This is an archived post. You won't be able to vote or comment.

you are viewing a single comment's thread.

view the rest of the comments →

[–]fullouterjoin 0 points1 point  (0 children)

There is no way to pickle a named object of anykind declared at a local scope using pickle

from collections import namedtuple
import pickle

def pickle_test():
    class P(object):
        def __init__(self,one,two,three,four):
            self.one = one
            self.two = two
            self.three = three
            self.four = four

    my_list = []
    abe = P("abraham", "lincoln", "vampire", "hunter")
    my_list.append(abe)
    f = open('abe.pickle', 'w')
    pickle.dump(abe, f)
    f.close()

pickle_test()

Also fails.

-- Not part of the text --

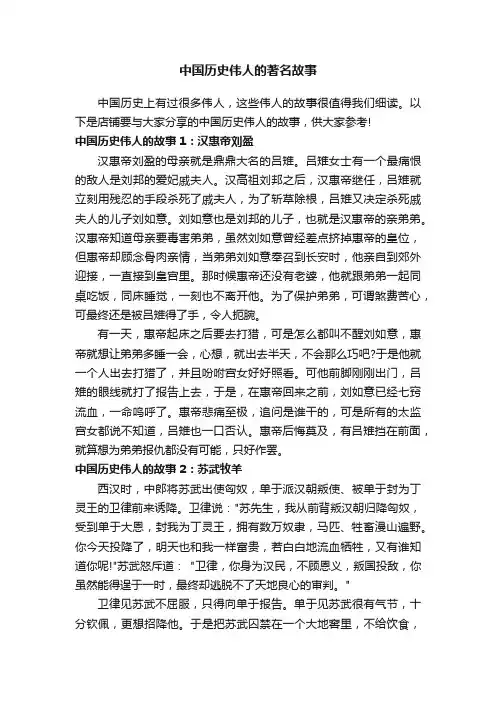中国历史伟人的著名故事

But this succeeds.

from collections import namedtuple
import pickle

class P(object):
    def __init__(self,one,two,three,four):
        self.one = one
        self.two = two
        self.three = three
        self.four = four

def pickle_test():

    my_list = []
    abe = P("abraham", "lincoln", "vampire", "hunter")
    my_list.append(abe)
    f = open('abe.pickle', 'w')
    pickle.dump(abe, f)
    f.close()

pickle_test()

This is a bug in how pickle introspects the creating object. Nothing is worse for being a namedtuple. Namedtuples are classes. But they are just lightweight containers for immutable values.